Judicata, a legal research startup, has closed its second round of financing, a $5.8M round led by Khosla Ventures. Keith Rabois, a former PayPal and Square executive who recently joined Khosla Ventures, will take a seat on Judicata’s board. The new round comes just five months after Judicata raised a first $2M round involving Rabois, Peter Thiel, Box co-founders Aaron Levie and Dylan Smith, and David Lee and his firm SV Angel.
I visited Judicata at its offices in San Francisco last Friday to meet the team and see what they are working on. The three founders are Itai Gurari, Blake Masters, and Adam Hahn. Gurari, the CEO, is a lawyer and engineer who worked previously at Jones Day (a large global law firm) and at Google on Google Scholar. Masters, also a lawyer, has done stints at Box, a law firm, and Thiel’s Founders Fund. Hahn, the CTO, was an engineer for over three years at Adap.tv, a video advertising company.
At a high level, Judicata turns unstructured legal text into structured data, and then provides lawyers with a smart interface to that data. The company uses the more user-friendly tagline “mapping the legal genome.” The goal is not to replace lawyers, but to use technology to make them better.
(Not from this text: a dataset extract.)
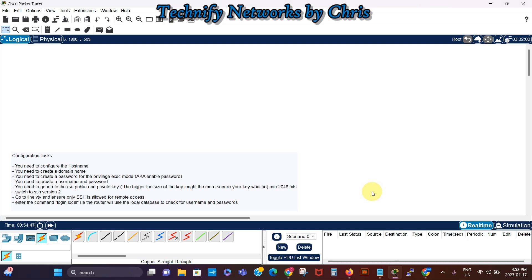Hi there, it's Chris here from Tecnify Networks. The purpose of this video is to show you how to configure SSH on a Cisco IOS router.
Judicata does this with a combination of automated, semi-automated, and manual tools, processes and people on the backend.
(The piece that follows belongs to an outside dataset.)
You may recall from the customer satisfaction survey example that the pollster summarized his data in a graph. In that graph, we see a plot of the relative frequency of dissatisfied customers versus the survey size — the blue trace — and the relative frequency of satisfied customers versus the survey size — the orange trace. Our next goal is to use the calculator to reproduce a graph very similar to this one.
This strikes me as the right approach, having attacked many of these problems myself in the past for a Stanford Law School research project that spun out as Lex Machina, another young player in the space (which also raised a financing round recently). Plain English is hard enough for machines to process, but legal text, which few humans can penetrate, and often only then with special training. is even harder. So what Judicata has accomplished so far, and the speed with which it got there, is impressive.
What Judicata has built contrasts starkly with the incumbents in the legal research market, LexisNexis and Westlaw. Those giants, both owned by multinational publishing conglomerates, are severely behind in technology. Lawyers and law students spend years mastering arcane search syntax and poring over page after page of search results. Although both have launched UI-centric product refreshes in recent years, the underlying technology still dates back years, and in some cases decades.
Judicata, and other young legal technology companies, on the other hand, have no crippling legacy code, and instead leverage open source text analytics, search and cloud computing tools and bodies of knowledge that have blossomed in the last decade. (Lex Machina is advised by Andrew Ng and Chris Manning, experts in machine learning and natural language processing in Stanford’s Computer Science Department.) One advantage the incumbents have is large staffs of lawyers who have hand-coded and organized cases for decades. Judicata will do some of this, too, but with a more scalable hybrid human/machine system based on its more advanced technologies.
Why did Judicata raise so much cash and how will they spend it? The founders say this comparatively large round allows them to “do everything, and do it well.” With the technology kernel largely in place, the plan now is to build out structured legal content by subject area and jurisdiction. They hope to have a beta release for California employment law this summer, which will help iron out scaling and other issues before accelerating into nationwide, full-spectrum coverage. Scaling to this level of coverage will take both significant manpower and engineering resources, and to that end, they will soon be hiring engineers and lawyers. Distribution will also be challenging, given the position of the incumbents. For example, to hook lawyers while they’re young, both Lexis and Westlaw give law students free access, send representatives to every law school in the country, and hire current law students to promote their services.
I asked the founders what they thought the future held for Judicata. Despite some big exits in legal technology in the past, Gurari says they want to build an independent operating company that will change the way law is practiced. It’s an ambitious goal, but this team is well-connected, well-funded, and well underway.
Disclosures: Ansel Halliburton worked on the Stanford IP Litigation Clearinghouse, which spun out as Lex Machina, but he does not hold shares in the company. Through his law firm, ComputerLaw Group, he also contributes to chapter updates for a treatise on software law that is published by Thomson Reuters, which owns Westlaw.